**Information supplied**
>>>

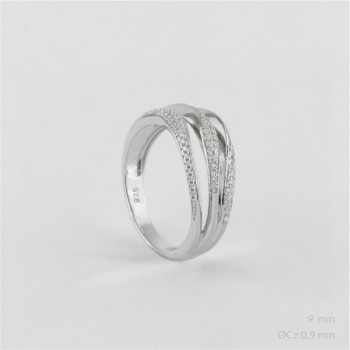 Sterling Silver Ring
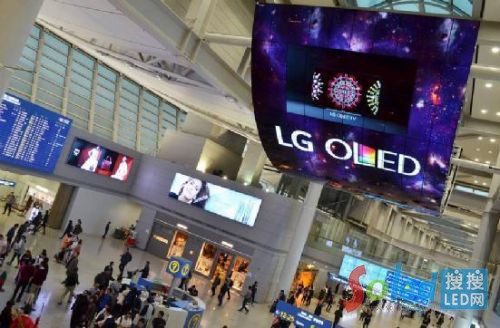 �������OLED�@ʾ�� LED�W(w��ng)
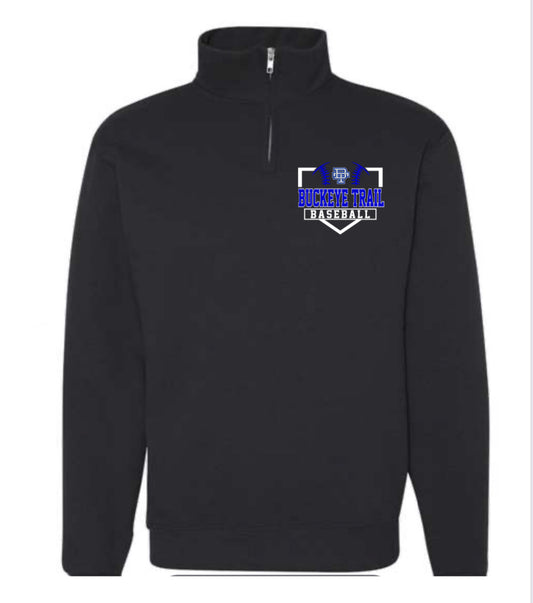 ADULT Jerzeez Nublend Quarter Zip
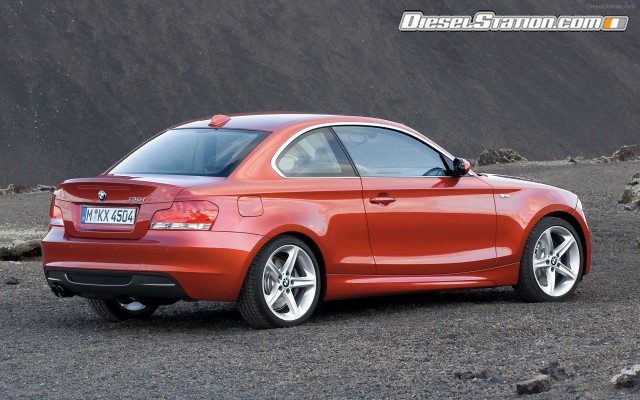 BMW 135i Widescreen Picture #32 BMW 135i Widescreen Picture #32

<<<
>>>

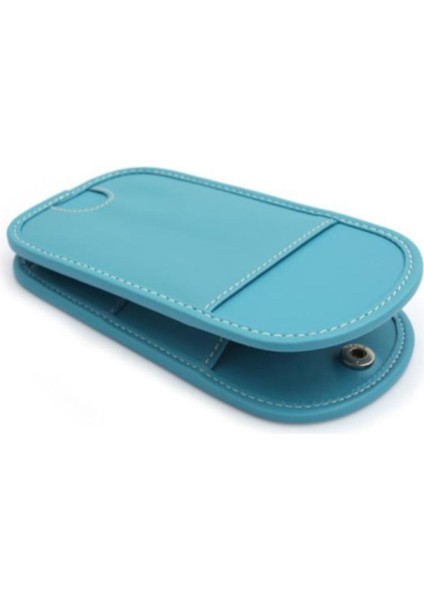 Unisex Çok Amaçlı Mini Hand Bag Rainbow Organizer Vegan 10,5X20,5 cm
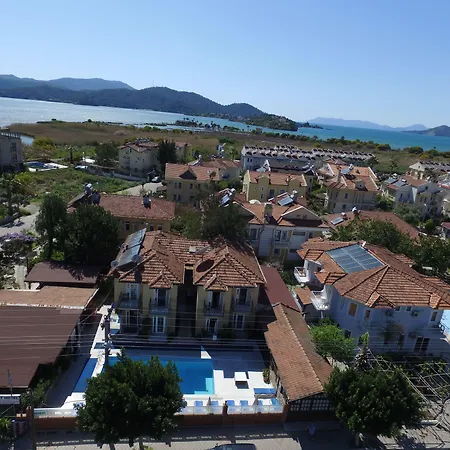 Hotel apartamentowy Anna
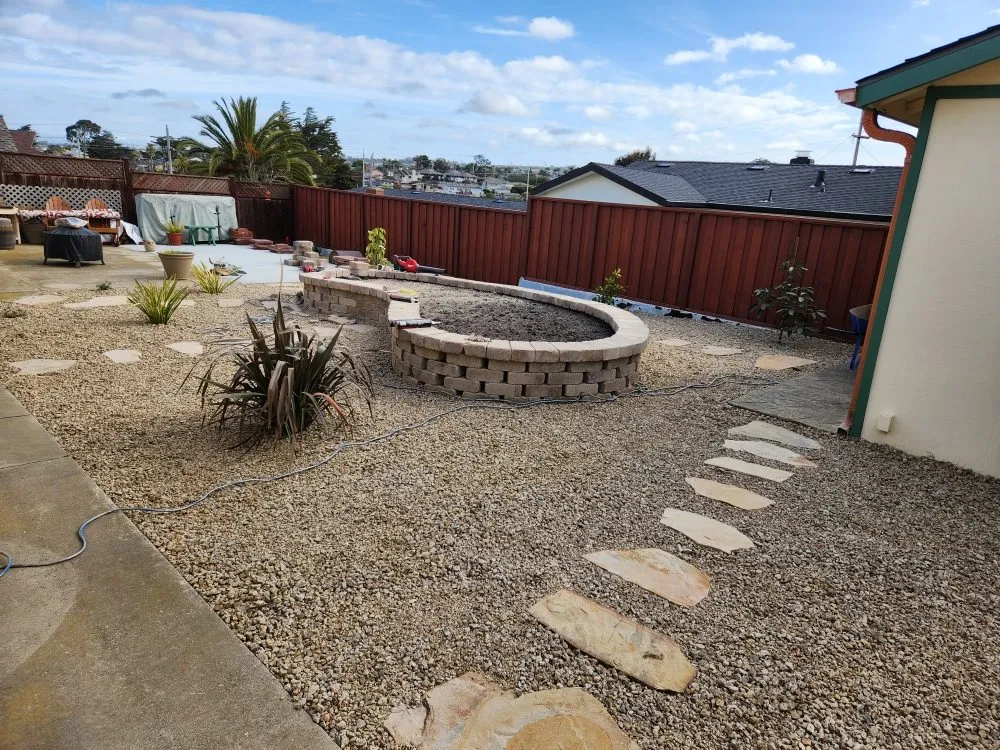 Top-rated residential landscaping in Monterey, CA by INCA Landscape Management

<<<
>>>

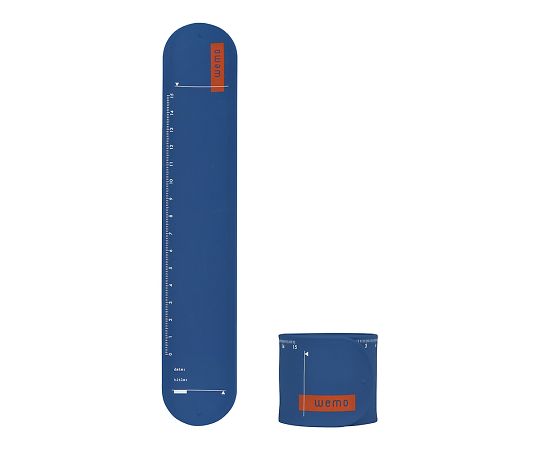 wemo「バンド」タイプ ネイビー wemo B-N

<<<

**Exercise instructions**
What is needed is an exact copy of the lines above, from the one holding "Sterling Silver Ring" down to the one holding "BMW 135i Widescreen Picture #32 BMW", with those two included and the pictures left out.

**The completed task**
 Sterling Silver Ring
 �������OLED�@ʾ�� LED�W(w��ng)
 ADULT Jerzeez Nublend Quarter Zip
 BMW 135i Widescreen Picture #32 BMW 135i Widescreen Picture #32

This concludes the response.